Friday, November 30, 2007

Get SMART! Go DIGITAL!

Friday, November 30, 2007

High-tech schools pilot program puts kids in charge

BY CARRIE MELAGODAILY NEWS STAFF WRITER
Sunday, November 25th 2007, 4:00 AM
Barnuevo For News

Alyssa Deonarian uses a laptop to participate in a class assignment.

A Giant outline of the human body is projected onto a 72-inch screen inside Middle School 202, next to a jumble of organs and bones that belong inside it.

One by one, eighth-graders in the Queens classroom walk to the special screen. The kids - a mix of new English speakers and general and special-ed students - touch a body part and drag it toward the empty outline.

The traditional skeleton propped up in the classroom looks downright antiquated as it stands next to the interactive teaching tool called a "SMARTboard."

"It's awesome," said 15-year-old Joseph Guerra, who correctly placed the esophagus. Nodding toward his teacher, he added, "You can learn a lot more than if they're just talking."

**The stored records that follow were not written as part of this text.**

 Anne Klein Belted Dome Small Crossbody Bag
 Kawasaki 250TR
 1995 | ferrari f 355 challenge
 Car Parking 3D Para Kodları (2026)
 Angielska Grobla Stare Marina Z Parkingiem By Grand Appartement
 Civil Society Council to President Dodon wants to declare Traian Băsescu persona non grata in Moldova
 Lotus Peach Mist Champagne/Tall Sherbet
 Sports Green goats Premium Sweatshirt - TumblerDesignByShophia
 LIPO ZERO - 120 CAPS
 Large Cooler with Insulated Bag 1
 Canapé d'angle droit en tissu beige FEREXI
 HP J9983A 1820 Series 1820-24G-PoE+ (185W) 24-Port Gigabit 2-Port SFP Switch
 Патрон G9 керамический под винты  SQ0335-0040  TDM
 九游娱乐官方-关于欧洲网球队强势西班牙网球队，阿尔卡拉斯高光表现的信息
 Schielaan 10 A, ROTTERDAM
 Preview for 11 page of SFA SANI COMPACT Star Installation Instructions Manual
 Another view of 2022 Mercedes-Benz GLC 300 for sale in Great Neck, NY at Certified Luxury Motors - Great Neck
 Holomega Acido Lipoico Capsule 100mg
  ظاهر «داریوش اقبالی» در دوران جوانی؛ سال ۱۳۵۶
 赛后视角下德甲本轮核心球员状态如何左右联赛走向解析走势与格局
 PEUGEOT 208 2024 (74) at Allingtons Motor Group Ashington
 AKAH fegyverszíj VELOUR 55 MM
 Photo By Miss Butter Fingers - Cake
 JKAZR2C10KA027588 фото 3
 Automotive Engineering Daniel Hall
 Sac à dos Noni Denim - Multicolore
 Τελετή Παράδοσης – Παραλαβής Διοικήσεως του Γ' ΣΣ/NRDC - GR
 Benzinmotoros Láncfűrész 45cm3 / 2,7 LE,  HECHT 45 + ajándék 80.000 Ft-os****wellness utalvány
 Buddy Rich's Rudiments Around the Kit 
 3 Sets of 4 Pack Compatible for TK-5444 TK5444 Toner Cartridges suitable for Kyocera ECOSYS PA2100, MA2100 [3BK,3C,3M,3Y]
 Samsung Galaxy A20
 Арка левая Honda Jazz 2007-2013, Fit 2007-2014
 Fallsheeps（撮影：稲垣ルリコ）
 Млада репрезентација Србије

The Ozone Park middle school is one of 22 across the city participating in a pilot program designed to create and test-drive the 21st century classroom.

About $13.4 million in capital funds, along with federal grants, have been invested into the so-called iTeach-iLearn schools over the past two years.

The pilot program outfits classrooms in the 22 schools with devices including SMARTboards, laptops, wireless Internet access and special lockers to keep all the technology safe when the school is closed.

Teachers receive training so they feel comfortable with the new technology, officials said, and each school has a specialist so technical difficulties don't derail lessons for days on end.

"It's teachers giving students the opportunity to take control of their learning," said Troy Fischer, director of the city's Office of Instructional Technology, which will evaluate the program at the end of the school year. "Students begin to bring more to the classes."

The pilot comes as other school districts across the nation debate the effectiveness of using similar technology in the classroom. Some schools that rushed to equip kids with laptops have since backed off, citing mounting costs and questionable results.

A study released by the federal Department of Education this year also showed that educational computer software made no significant difference in student achievement.

But teachers at MS 202 are sold on the new technology.

In her second-floor classroom, sixth-grade teacher Dana Matorella uses the newest gadgets to teach kids about ancient Egypt.

The students use laptops to research hieroglyphics, filling in their answers on work sheets. Then Matorella gives them a pop quiz - but instead of pencils, they pull out remote controls.

A question about hieroglyphics is projected onto the SMARTboard, and the kids enter their answers using the remotes, similar to how audiences are polled on TV game shows.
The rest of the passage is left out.